Oder: Bisher wurden Anträge, denen jemand zustimmen muss, von einer Sekretärin ausgedruckt, dem Chef in einer Mappe vorgelegt, von diesem unterschrieben, von der Sektretärin eingescannt und weitergeleitet – der von dir skizzierte Dreisprung. In der digitalen Form sieht das dann so aus: Ein PDF wird zum Verantwortlichen geschickt, der es öffnet, digital signiert, abspeichert und weiter leitet. Der Arbeitsaufwand für den Verantwortlichen ist deutlich gestiegen, der Aufwand der Sekretärin reduziert. Wenn jemand viele solcher Anträge unterschreiben muss, wir er an dieser Form der Digitalisierung keinen Spaß haben.
Spätestens jetzt sollte die Frage gestellt werden, ob dies ein „Scheißprozess“ ist, der gerade digitalisiert wird. Diese Frage wird evtl. gestellt, da für die Beantwortung ab andere zuständig sind, die von ihrem Mindset noch in Hierachie und Papier denken, wird sich vermutlich nichts ändern.
Die Digitalisierung gibt uns die Möglichkeit, in ganz anderer Form zusammen zu arbeiten. Diese Möglichkeiten zu nutzen verlangt aber, dass sich die Betroffenen intensiv mit der Thematik beschäftigen und neue Tools und Methoden lernen. Da die Arbeitsbelastung vieler Betroffener aber schon deutlich über 100% liegt, gibt es hierfür keinen Spielraum. Schlussendlich blockieren wir uns somit wohl selbst.

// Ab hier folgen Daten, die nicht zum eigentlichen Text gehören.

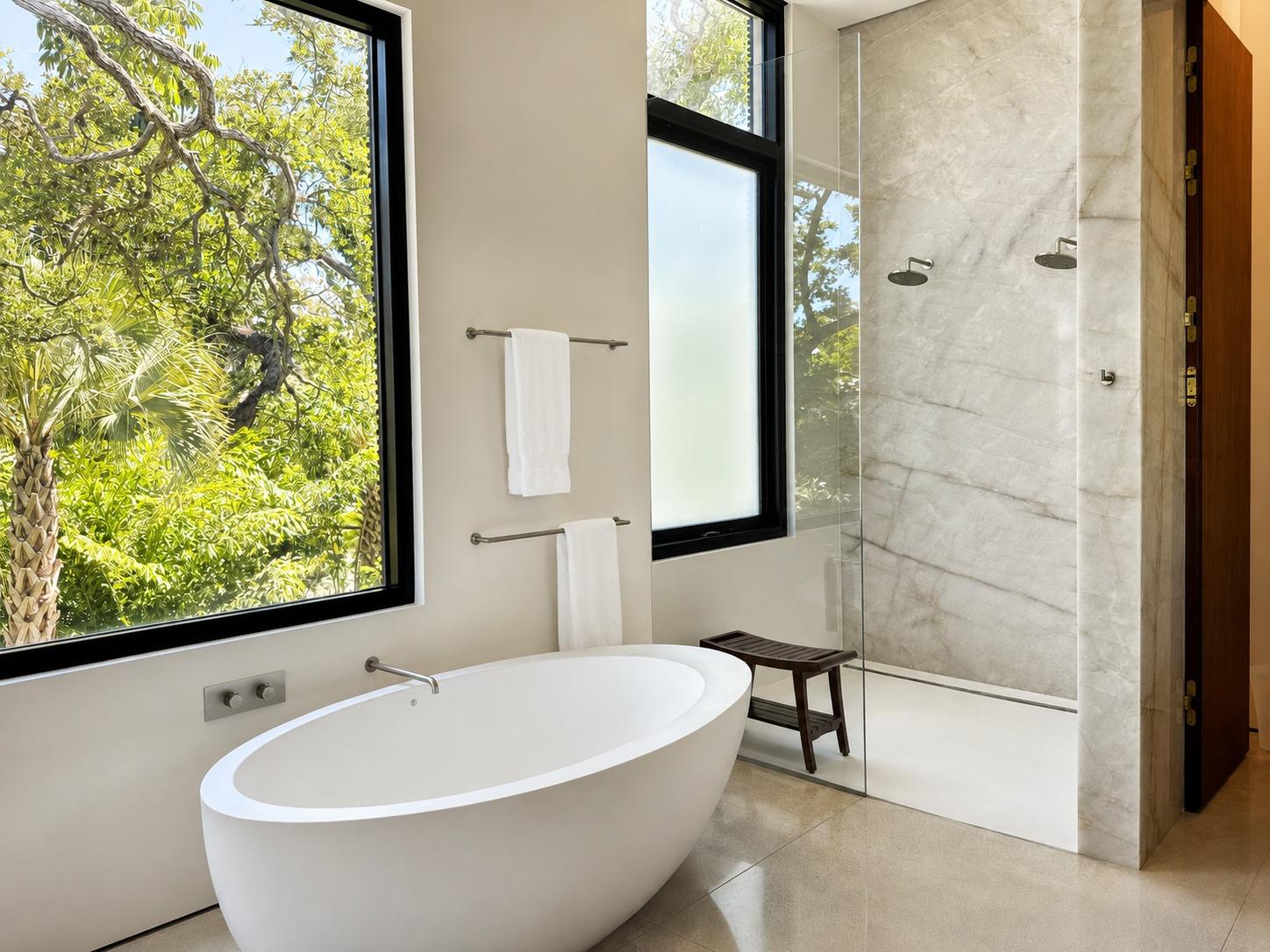 Spotless bathroom with a freestanding soaking tub, glass-enclosed marble shower, and fresh white towels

Sehe ich das zu pessimistisch? Hat jemand eine Idee, wie dieser Knoten gelöst werden könnte? Gibt es Erfahrungen?
Gruß
Kai
Lieber Kai, das siehst du völlig realistisch. Leider. Vielerorts wäre man um die digitale Signatur schon froh. Die defizitäre Zusammenarbeit ist das eine, die verpassten Chancen das andere. Unternehmen, die intern Digitalisierung 0.5 leben, werden sich schwer tun in den digital vernetzten Märkten in denen Gespräche zwischen Menschen den Unterschied machen. Die gesamte soziale Kontaktfläche zwischen den Mitarbeitern und der Welt im Sinne neuer Chancen auszunutzen wird die hohe Kunst sein.